Poverty and Unemployment Down significantly in Venezuela in 2005

Accoridng to Venezuela's National Institute of Statistics, unemployment and poverty have both been dropping significantly in 2005. Unemployment is now at 11.5% and income poverty at 38.5%. These figures are said to be a direct result of the consistent economic growth for the past two years.

Caracas, Venezuela, October 14, 2005—Venezuela’s National Institute of Statistics (INE) says that poverty will drop by 8% points by the end of 2005, relative to the previous year.
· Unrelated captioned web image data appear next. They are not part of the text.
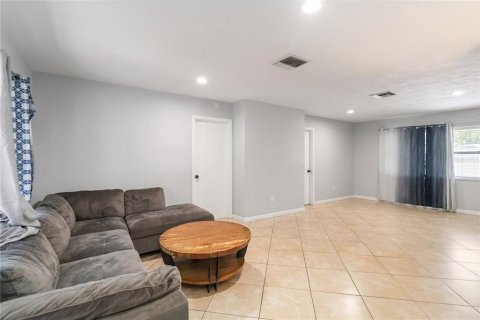 House in Deltona, Florida 3 bedrooms, 119.66 sq.m. № 2134595 - photo 2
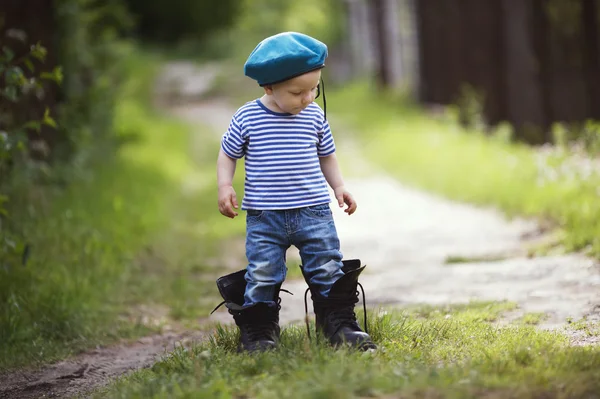 Grappige kleine jongen in uniform — Stockfoto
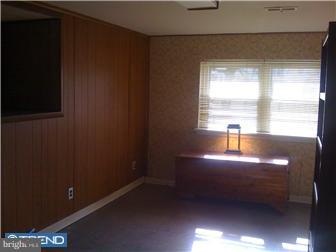 9 Green Ridge Road Voorhees, NJ 08043 - Photo 7 of 10 Family Room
Similarly, unemployment dropped 0.6% points, from 12.1% in August, to 11.5% in September of this year.

INE director Elias Eljuri made the announcement yesterday, saying that Venezuela’s poverty rate is expected to drop to 35% by the end of the year, down from 47% for 2004. during the first half of 2005 poverty was calculated to be at 38.5%. Also, critical poverty, the level at which people cannot afford to cover their basic needs, dropped to 10.1% in the first half of 2005, down from 18% the previous year.

According to Eljuri, this means that poverty has now dropped to a level below what it was before Chavez came into office, in 1999, when the INE registered the poverty rate to be at 42%.

Unemployment also dropped significantly, reported the INE, from 14.5% in September 2004, to 11.5% in September 2005.

The drop in the unemployment and in the poverty rate are linked to the tremendous growth the Venezuelan economy has been experiencing for the past seven quarters. It expanded by 11.1% in the second quarter of 2005 and by 7.5% in the first quarter, relative to the same quarters a year earlier. Prior to that, in 2004, the economy grew by an unprecedented 17%, relative to 2003.

This seven-quarter period of uninterrupted growth follows a period of two years of economic decline, which most economists attribute to the political and economic chaos caused by the April 2002 coup attempt and the late 2002 to early 2003 shutdown of the country’s all-important oil industry. The economy declined by 8.9% in 2002 and by 7.7% in 2003, relative to the respective previous years.